== MATERIALS PROVIDED ==
····················

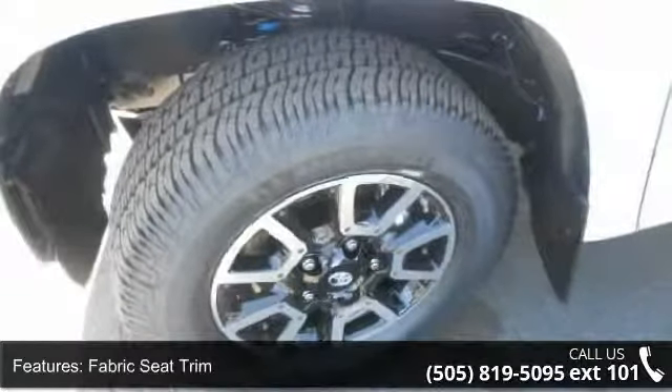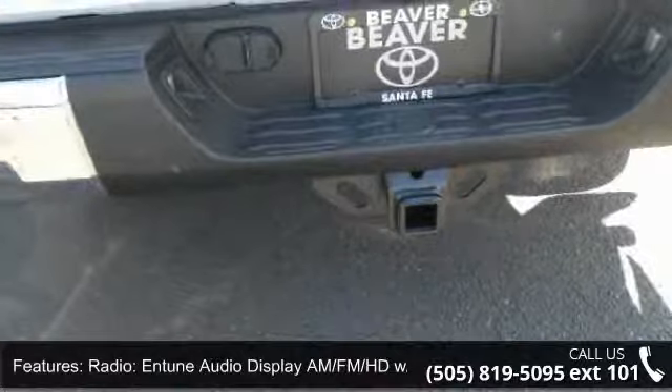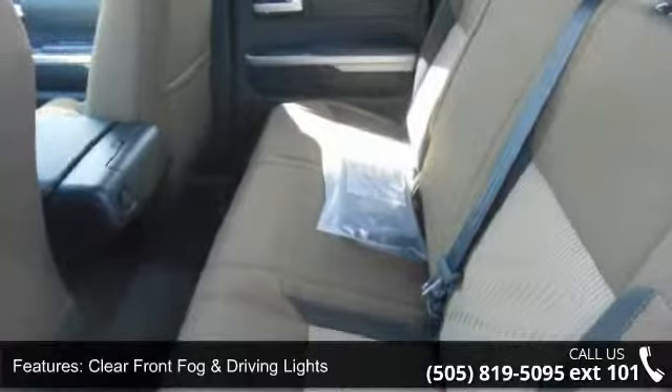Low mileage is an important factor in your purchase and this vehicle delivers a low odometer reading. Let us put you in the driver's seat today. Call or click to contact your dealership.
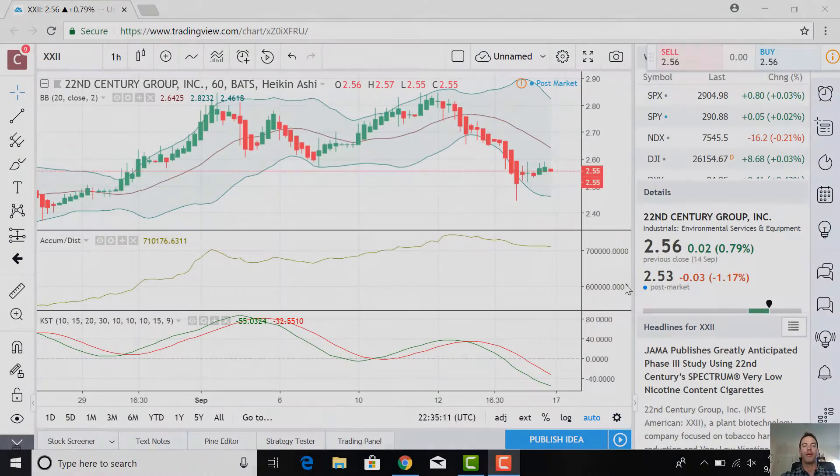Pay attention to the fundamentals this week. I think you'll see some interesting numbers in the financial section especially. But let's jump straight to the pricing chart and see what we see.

····················

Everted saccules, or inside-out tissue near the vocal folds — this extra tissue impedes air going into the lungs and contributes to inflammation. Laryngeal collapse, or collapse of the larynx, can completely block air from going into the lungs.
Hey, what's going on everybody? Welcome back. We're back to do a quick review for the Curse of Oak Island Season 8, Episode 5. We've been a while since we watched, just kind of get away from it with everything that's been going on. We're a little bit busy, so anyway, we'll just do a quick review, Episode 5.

····················

== TASK STATEMENT ==
Take exactly the lines from the one containing "Everted saccules, or" through the one containing "Hey, what's going" in the data above, and output them with nothing added.

== SOLUTION TO THIS EXERCISE ==
Everted saccules, or inside-out tissue near the vocal folds — this extra tissue impedes air going into the lungs and contributes to inflammation. Laryngeal collapse, or collapse of the larynx, can completely block air from going into the lungs.
Hey, what's going on everybody? Welcome back. We're back to do a quick review for the Curse of Oak Island Season 8, Episode 5. We've been a while since we watched, just kind of get away from it with everything that's been going on. We're a little bit busy, so anyway, we'll just do a quick review, Episode 5.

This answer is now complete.